Questions de copropriétaires
Quelles sont les obligations principales du syndic de copropriété ?
Le syndic de copropriété est tenu d'exécuter les décisions de l'assemblée générale, de tenir la comptabilité du syndicat sur un compte bancaire séparé, d'appeler les charges auprès des copropriétaires, de convoquer au moins une AG par an et de mettre en œuvre les procédures de recouvrement en cas d'impayés. Ces obligations sont fixées par la loi du 10 juillet 1965 et s'appliquent aux syndics professionnels comme aux syndics bénévoles.
Un syndic peut-il gérer une copropriété sans ouvrir de compte bancaire séparé ?
Non, pas en règle générale. Le syndic professionnel doit ouvrir un compte bancaire séparé au nom du syndicat. Une exception existe pour les petites copropriétés de moins de 15 lots dont le budget annuel est inférieur à 15 000 € : elles peuvent voter en AG, à la majorité absolue, une dispense de compte séparé. Cette dispense doit être renouvelée chaque année par un vote explicite.
Que faire si le syndic ne respecte pas ses obligations envers les copropriétaires ?

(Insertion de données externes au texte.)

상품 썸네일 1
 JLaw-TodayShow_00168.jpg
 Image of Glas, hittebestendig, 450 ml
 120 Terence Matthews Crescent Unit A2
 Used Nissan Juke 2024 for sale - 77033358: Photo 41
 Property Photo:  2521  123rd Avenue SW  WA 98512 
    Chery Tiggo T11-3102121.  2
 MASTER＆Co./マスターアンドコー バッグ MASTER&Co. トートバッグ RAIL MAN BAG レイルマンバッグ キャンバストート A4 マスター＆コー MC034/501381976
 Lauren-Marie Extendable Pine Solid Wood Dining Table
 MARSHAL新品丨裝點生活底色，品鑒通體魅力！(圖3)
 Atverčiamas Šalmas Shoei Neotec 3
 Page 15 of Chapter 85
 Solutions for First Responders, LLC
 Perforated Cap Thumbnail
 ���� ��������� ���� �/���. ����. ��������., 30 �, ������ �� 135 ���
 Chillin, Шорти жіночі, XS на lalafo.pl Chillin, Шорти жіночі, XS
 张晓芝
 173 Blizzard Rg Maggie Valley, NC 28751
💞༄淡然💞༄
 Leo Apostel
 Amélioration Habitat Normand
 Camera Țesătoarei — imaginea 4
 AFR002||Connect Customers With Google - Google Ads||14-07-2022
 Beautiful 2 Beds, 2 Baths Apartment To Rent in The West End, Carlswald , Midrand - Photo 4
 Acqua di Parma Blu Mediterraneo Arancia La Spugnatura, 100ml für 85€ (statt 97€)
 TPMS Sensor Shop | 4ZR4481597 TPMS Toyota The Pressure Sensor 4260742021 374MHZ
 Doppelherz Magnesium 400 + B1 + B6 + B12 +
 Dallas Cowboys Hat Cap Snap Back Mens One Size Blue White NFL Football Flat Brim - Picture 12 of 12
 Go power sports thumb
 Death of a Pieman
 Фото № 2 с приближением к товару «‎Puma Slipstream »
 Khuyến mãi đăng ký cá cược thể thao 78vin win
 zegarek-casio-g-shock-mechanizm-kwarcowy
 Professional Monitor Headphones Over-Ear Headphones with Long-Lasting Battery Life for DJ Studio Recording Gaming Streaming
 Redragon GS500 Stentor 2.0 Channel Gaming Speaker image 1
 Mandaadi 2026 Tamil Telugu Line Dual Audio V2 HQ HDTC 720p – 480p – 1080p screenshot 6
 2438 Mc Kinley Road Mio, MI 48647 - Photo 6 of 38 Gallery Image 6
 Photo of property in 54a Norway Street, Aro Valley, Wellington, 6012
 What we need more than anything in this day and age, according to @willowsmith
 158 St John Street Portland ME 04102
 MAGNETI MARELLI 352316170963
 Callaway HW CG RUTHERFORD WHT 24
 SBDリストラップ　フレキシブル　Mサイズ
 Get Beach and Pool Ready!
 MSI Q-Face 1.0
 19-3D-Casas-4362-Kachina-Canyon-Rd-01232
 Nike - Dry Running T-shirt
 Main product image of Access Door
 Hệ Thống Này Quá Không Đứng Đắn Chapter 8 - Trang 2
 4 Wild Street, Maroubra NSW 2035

Première option : saisir le médiateur de la consommation référencé par le cabinet de syndic, gratuitement, pour tenter une résolution amiable en environ 90 jours. Si ça n'aboutit pas, le syndicat peut engager la responsabilité civile contractuelle du syndic devant le tribunal judiciaire et réclamer des dommages et intérêts. L'AG conserve aussi la possibilité de refuser le renouvellement du mandat et de désigner un nouveau syndic à la majorité absolue.
Quelle est la durée du mandat d'un syndic de copropriété ?
La durée du contrat de syndic est en principe de 3 ans maximum, selon service-public.fr. Le contrat prend fin à son terme ou en cas de résiliation anticipée votée en assemblée générale. Le syndic peut être renouvelé par un vote en AG. En cas de désaccord sur sa gestion, les copropriétaires peuvent ne pas renouveler son mandat ou engager une révocation pour motif légitime.
Le syndic bénévole a-t-il les mêmes obligations qu'un syndic professionnel ?
Oui, sur le fond. Un syndic bénévole doit respecter les mêmes obligations légales : convoquer l'AG au moins une fois par an, tenir une comptabilité séparée, appeler les charges et recouvrer les impayés. Il n'a pas besoin de carte professionnelle au sens de la loi Hoguet et peut ne pas être rémunéré, mais sa responsabilité civile peut être engagée en cas de faute dans la gestion de la copropriété.